The DIETFITS study IS a great addition to the body of evidence. It was a large intervention study with over 600 participants. It was well-funded, a randomised controlled trial, and it compared two healthy diets (many studies compare standard poor diets to intervention diets) over a relatively long timeframe (12 months). However, it also used an interesting methodology; beginning with a baseline diet containing either 20 g of fat per day in the low-fat and 20 g of carbohydrate per day in the low-carb group. Participants were then instructed to gradually increase their daily intake of either fat or carbohydrate by 5 g (fat) or 15 g (carbs) per week until they found the lowest level of intake they believed could be maintained. This led to a relatively modest carbohydrate restriction overall in the low-carbohydrate group; consuming  26.5% calories from carbs compared to the low-fat diet group which consumed 50.6%. It should also be considered that the protein intake was modest at less than 1 g protein per kg of body weight per day. So, perhaps it’s fairer to say that DIETFITS compared a healthy lower-fat diet to a healthy moderately carbohydrate-restricted diet and both diets were fairly low in protein. It was also a study in relatively healthy overweight volunteers, and so,  the people who were excluded were exactly those who would be likely to  benefit most from lower-carb i.e. those with “hypertension or metabolic disease; diabetes; cancer; heart, renal, or liver disease”
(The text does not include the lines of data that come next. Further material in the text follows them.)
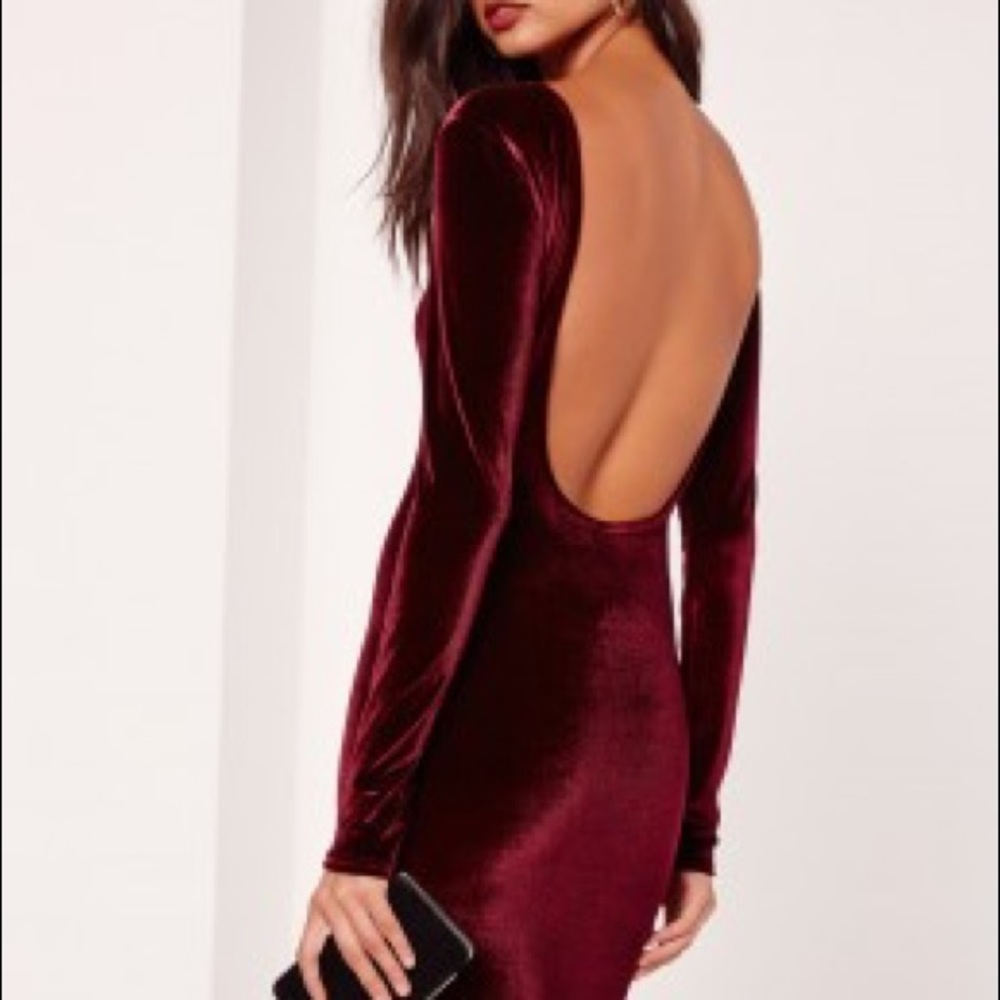 Red Velvet American Apparel Bodycon Dress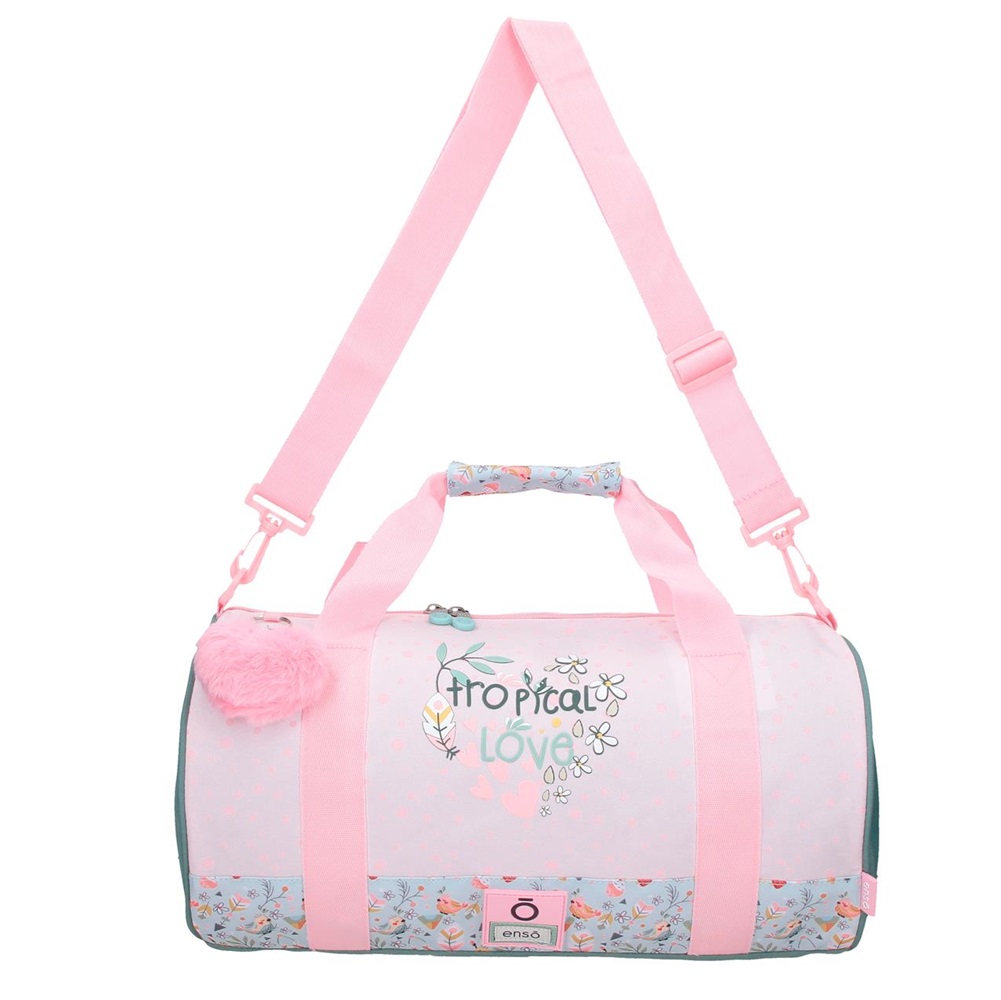 Kids' dufflebag for sports and travel Enso Tropical Love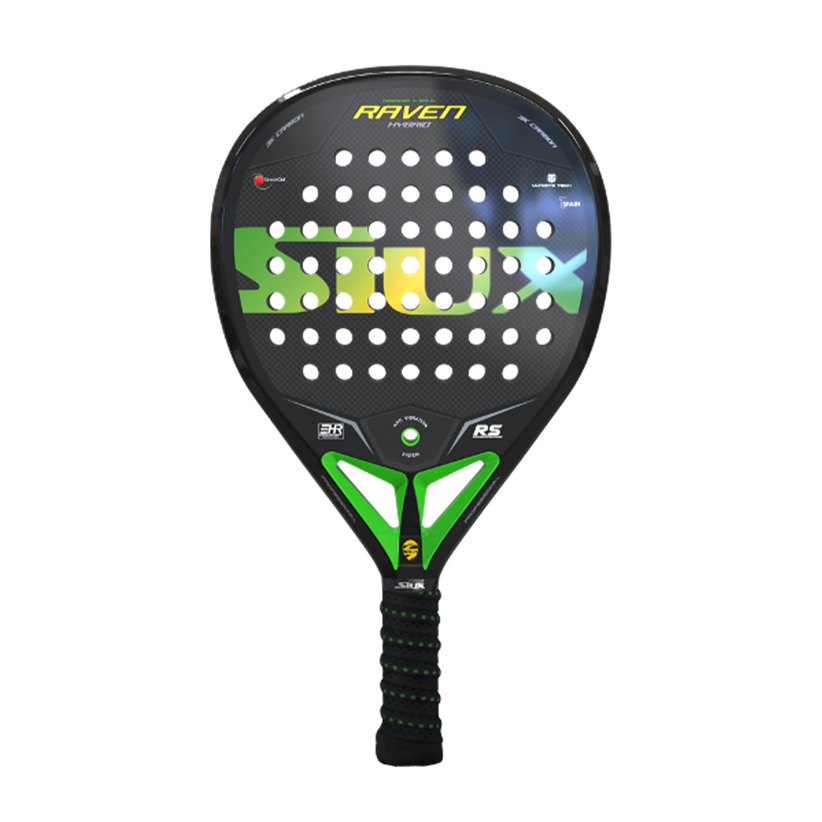 Siux Raven Hybrid 3K Siux Raven Hybrid 3K Black/Green Rackets Unisex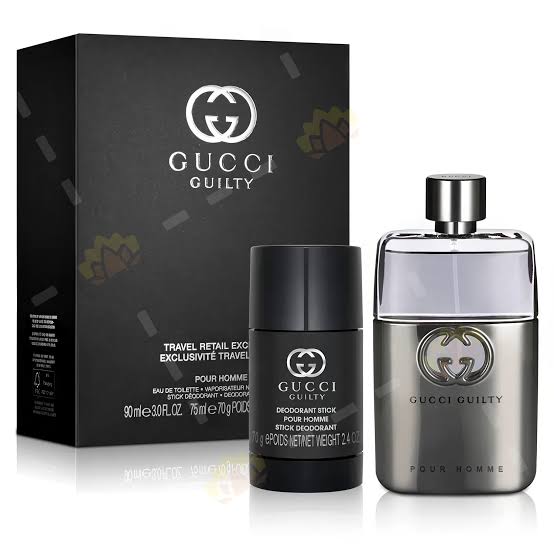 Gucci 古馳 罪愛男士兩件套(淡香水90ml+止汗劑75ml)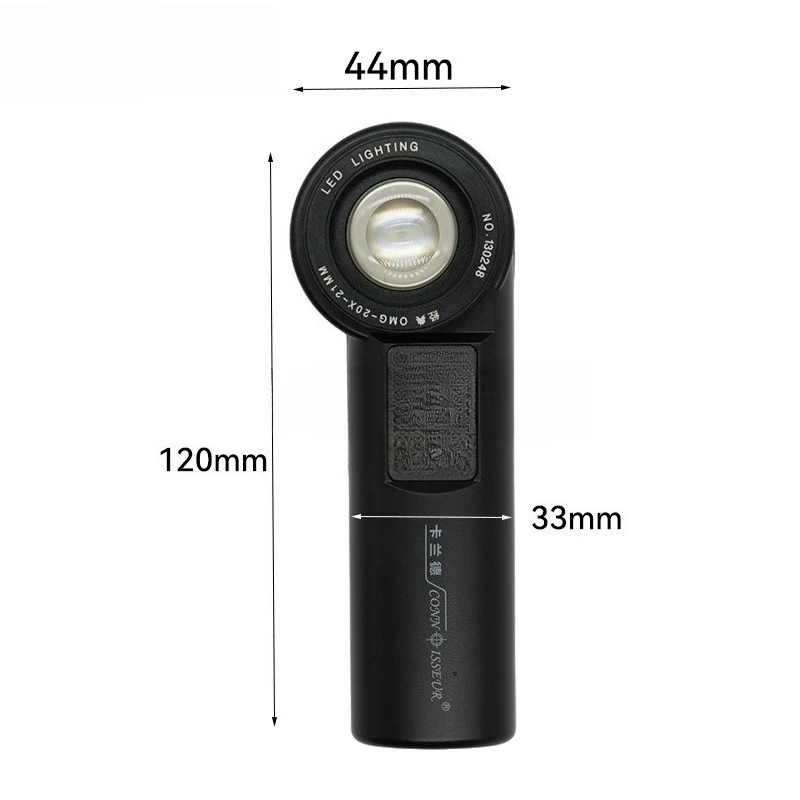 Magnifying glass charging 20 times with lamp porcelain jade coins bronze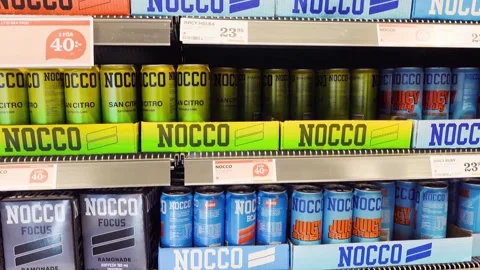 NOCCO drinks Stock Footage 285054944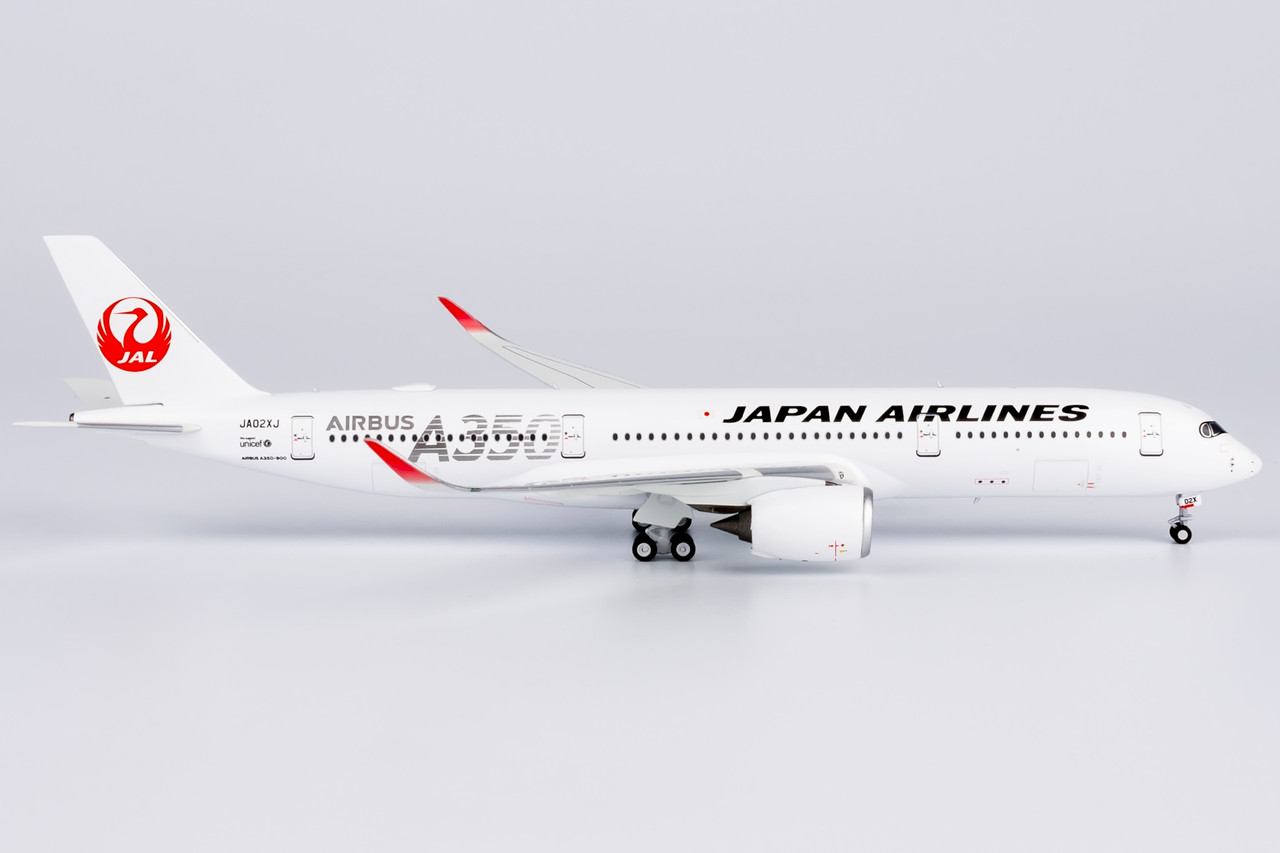 NG Model Japan Airlines (JAL) A350-900 silver 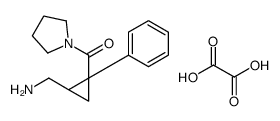 [(1R,2R)-2-(aminomethyl)-1-phenylcyclopropyl]-pyrrolidin-1-ylmethanone,oxalic acid结构式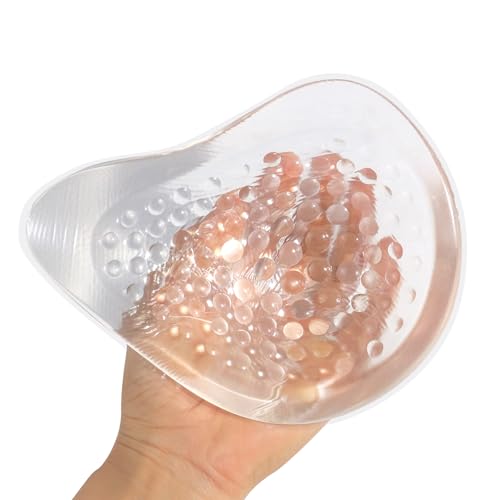 ONEFENG Symmetrisch Mastektomie Prothese,Schwimmen Brustprothesen Konkave Brustform Postoperativ Silikon Brüste BH Einlagen für Damen Bikini(1...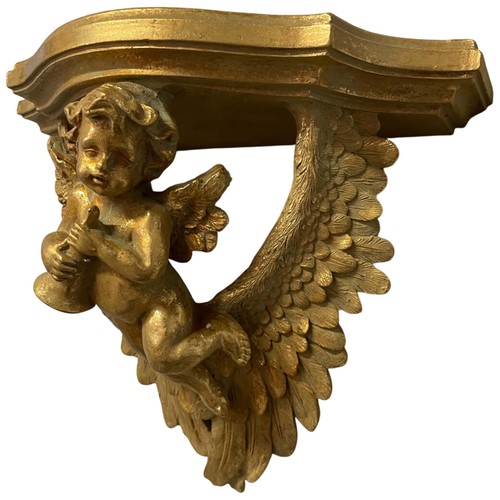 Elegantes goldenes wandregal - elegantes,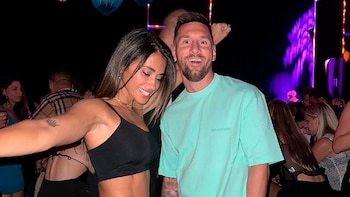 Antonela Roccuzzo y Lionel Messi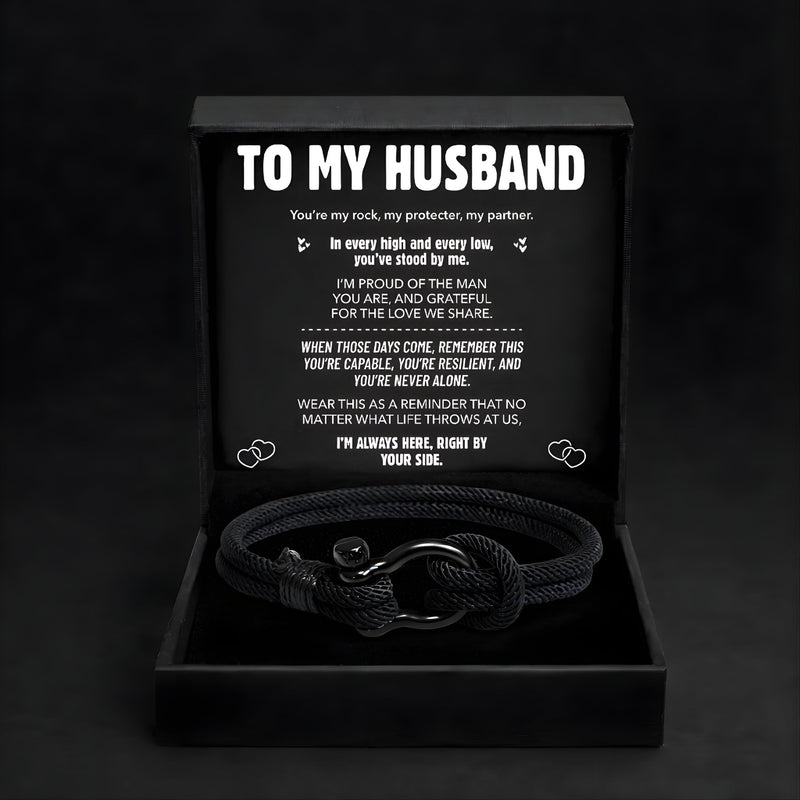 'To My Husband' The Anchor Bracelet
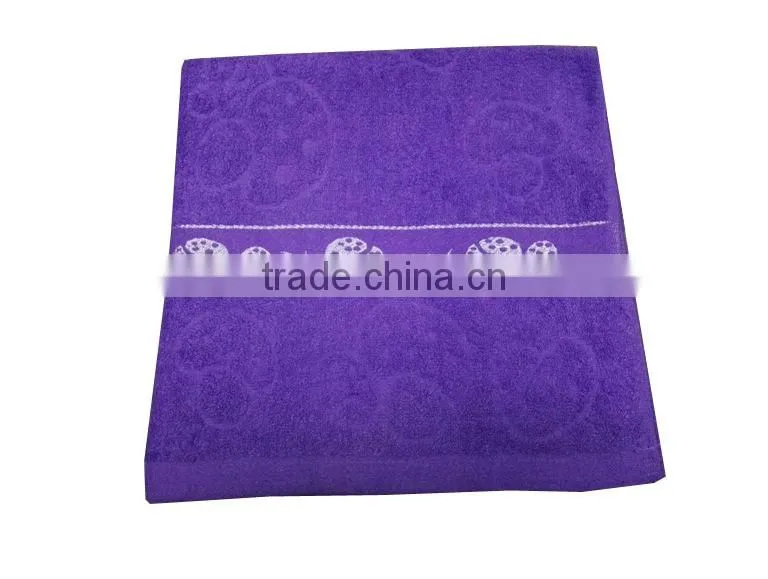 dark color high quality solid color cotton bath towels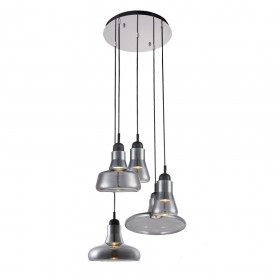 Φωτιστικό Πεντάφωτο GU10 Χρώμιο AP9006-5 SUN LIGHT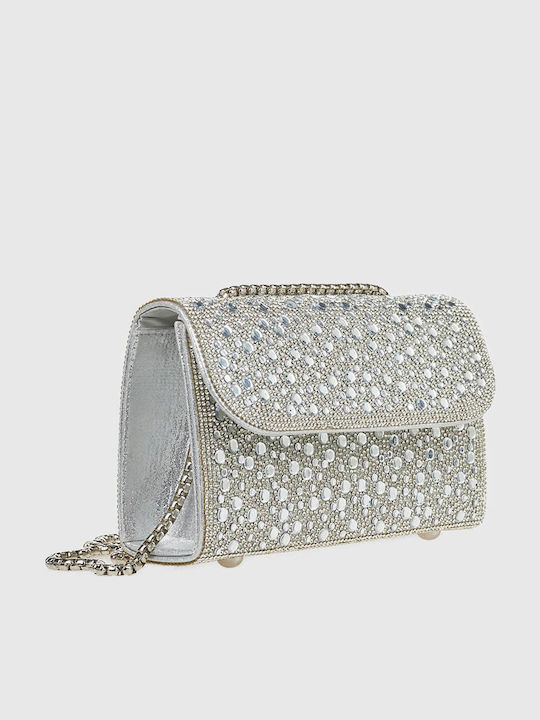 Γυναικείο Clutch Ασημί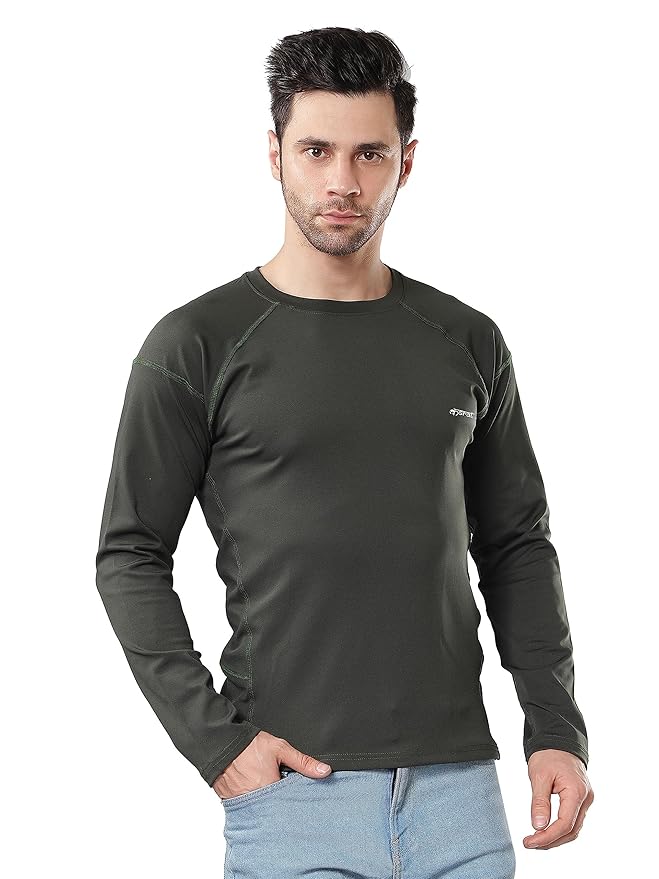 KASRAT T Shirt Dryfit Round Neck (X-Large, Olive) - Image 2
The low-fat group lost 5.3 kg (95% CI, -5.9 to -4.7), while the low-carb group lost -6.0 kg (95% CI, -6.6 to -5.4). This is a small difference and while it did not meet the threshold for significance (p =0.13) the mean weight-loss in the lower-carbohydrate group was greater than the 95% CI threshold of the lower-fat group. This does suggest that the odds against chance are that there will be greater weight and fat-loss on a lower-carbohydrate diet and particularly so given the relatively modest difference in carbs between the groups. This trend towards greater fat- and weight-loss has been demonstrated in the majority of studies summarised in systematic reviews and meta-analyses, suggesting that there is a greater chance of improved fat-loss overall from carbohydrate-restricted diets. This implication is further strengthened by significantly greater improvements in BMI (0.33, 95% CI 0.01 to 0.64, p = 0.04), along with a greater reduction in waist circumference (0.67 95% CI −0.60 to 1.94), body fat %  (0.18 95% CI −0.40 to 0.75), and blood pressure (0.54, 95% CI −1.07 to 2.16), and improved respiratory quotient (0.020, 95% CI 0.006 to 0.033) resulting from the lower-carb diet compared to the higher-. While these results are, on the whole somewhat equivocal, it is interesting to note that 9 of 13 reported variables were improved more by low carb than low-fat.

Consistent with the existing research, there were significant between-group differences for LDL cholesterol favouring the low-fat group (-2.12, 95% CI -4.70 to 0.47); (low carb: 3.62, 95% CI 1.04 to 6.19). However, both triglycerides and HDL cholesterol were improved significantly more by the lower-carb diet.

There was a nearly 3-fold greater improvement in triglycerides in lower-carb vs low-fat and a 7-fold improvement in HDL for the lower-carb group!

As I have previously mentioned, significant improvements in HDL cholesterol and triglycerides are clinically more meaningful than relatively minor changes in total or LDL cholesterol. Dietary interventions that reduce serum cholesterol levels do not result in significant differences in either cardiovascular disease mortality or all-cause mortality.²² Conversely, increased triglyceride levels show a linear association with a higher risk of cardiovascular disease and all-cause mortality.²³

Overall, the multiplicity of benefits resulting from the lower-carb diet in DIETFITS shows a strong trend towards it being possibly more effective overall for both weight and fat-loss, and more effective for the improvement of the most important predictors of cardiovascular and all-cause mortality. 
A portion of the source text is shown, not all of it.